Inception network is an advanced architecture for building deeper networks by repeating a bunch of inception modules, as shown inFigure 2(c) . Instead of trying to determine the best values for certain hyper-parameters (i.e. number of filter size, number of layers, inclusion of pooling layer), inception network proposes to concatenate outputs of hidden layers with different configuration through an inception module and trains the network to learn patterns from the combination of diverse hyper-parameters. Despite its high computation cost, inception network has performed remarkably well in many applications 38, 46. For secondary structure prediction, a combination of three filter sizes \(1\times K\),\(3\times K\) and \(5\times K\) was applied to convolve feature input, where K is the number of original input features for each residue position. The concatenation of the convolution outputs is fed into an activation layer for non-linear activation calculation. This kind of inception module is repeated to make a deeper network. After the parameter tuning, the optimal inception network is comprised of three inception blocks with 24 convolution layers included.

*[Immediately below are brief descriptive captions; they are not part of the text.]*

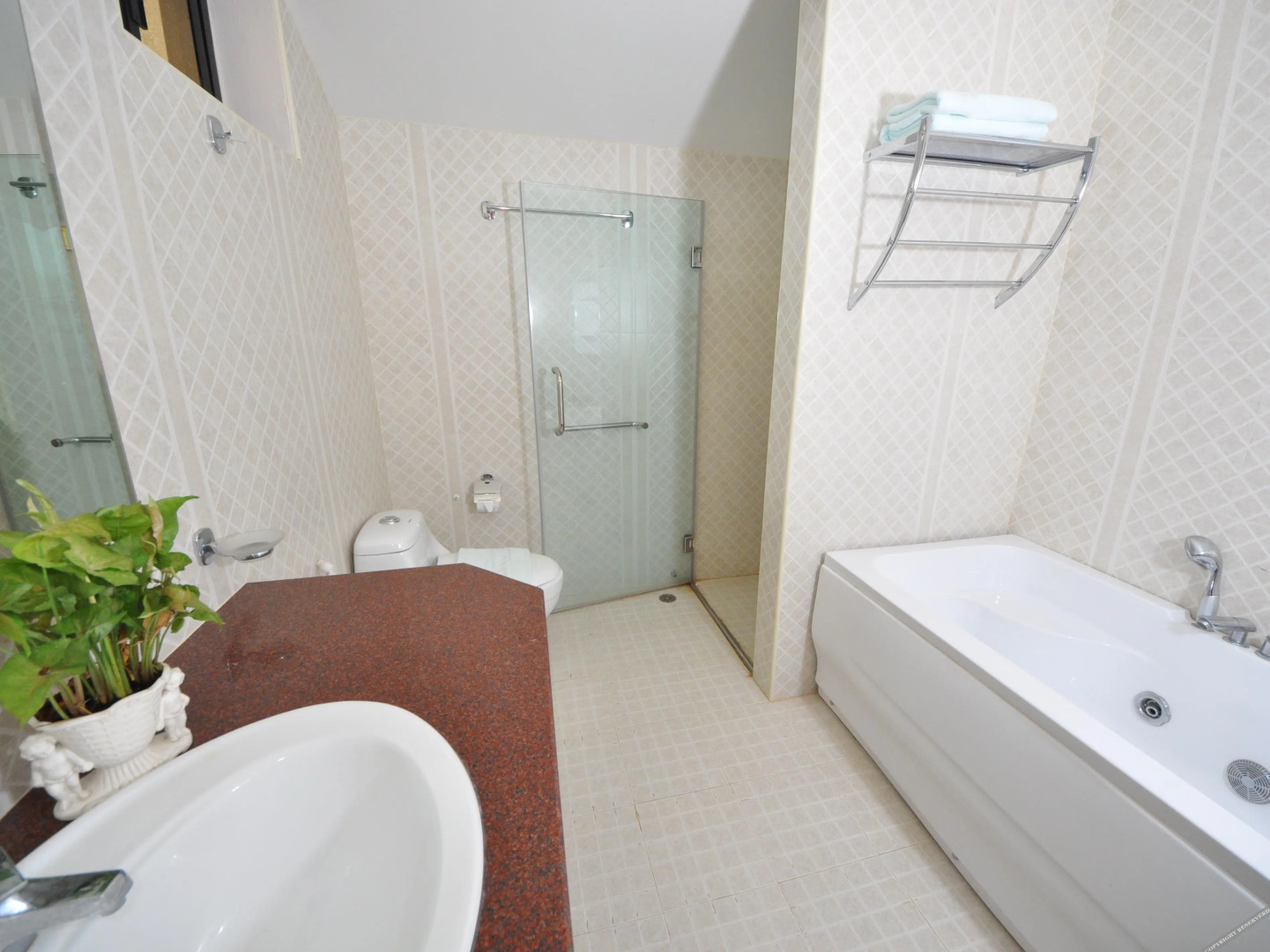 Maeklong Marina Resort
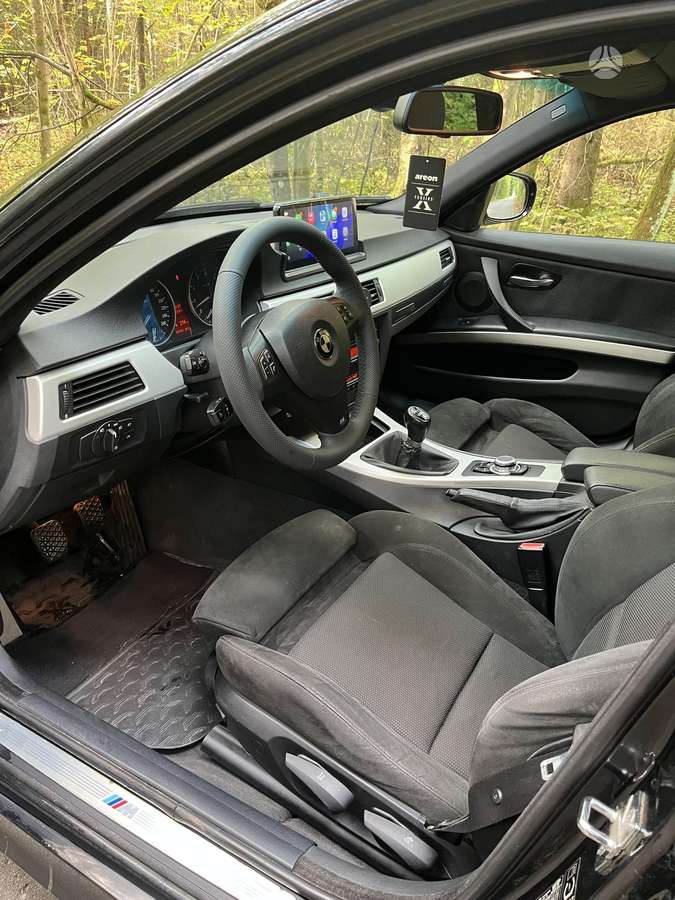BMW 325 2005 — photo 11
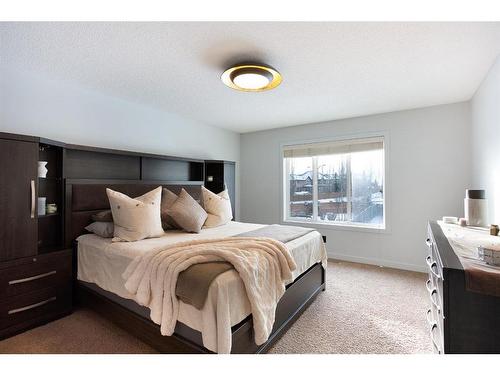 100 Cranridge Crescent Se, Calgary, AB - Indoor Photo Showing Bedroom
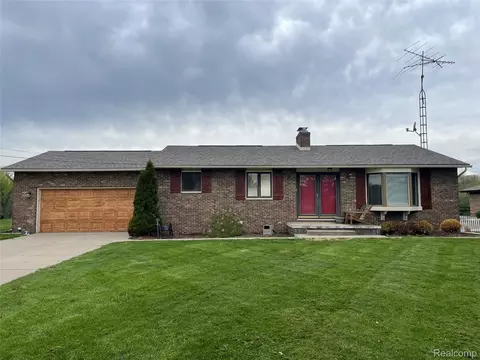 3480 Clearwater Dr, Davison, MI 48423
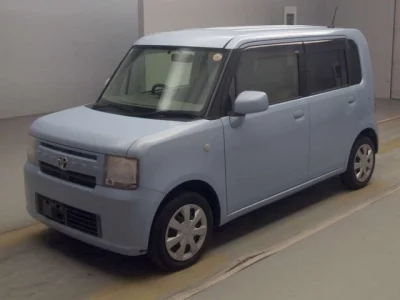 Toyota PIXIS SPACE  с аукциона в Японии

In addition, we designed three more deep learning architectures: recurrent convolutional neural network (RCNN) 42, convolutional residual memory networks (CRMN) 44, and fractal network for secondary structure prediction. The recurrent convolutional neural network (RCNN) was designed to model sequential dependency hidden inside the sequential features (Figure 2(D)) , It firstly extracts the higher-level feature maps by a convolution block, and then uses a recurrent neural network (i.e. bi-directional Long-Short-Term Memory (LSTM) network) for modeling the inter-dependence among the convolved features. Such a recurrent convolutional block with 4 convolutional layers included is repeated 5 times to build a deep recurrent convolutional neural network for secondary structure prediction in this work. The CRMN network augmented the architectures by integrating convolutional residual networks with LSTM (Figure 2(E)) (e.g., 2 residual blocks and 2 LSTM in the network). Both methods advanced the convolutional neural network by introducing the memory mechanisms of recurrent neural network (RNN). Moreover, inspired by ResNet and Inception Network, we built a Fractal network stacking up different number of convolution blocks in both parallel and hierarchical fashion by adding several shortcut paths to connect lower-level layers and higher-level layers, as shown in Figure 2(F) . After tuning, the fractal network was assembled with 16 convolution layers for one fractal block.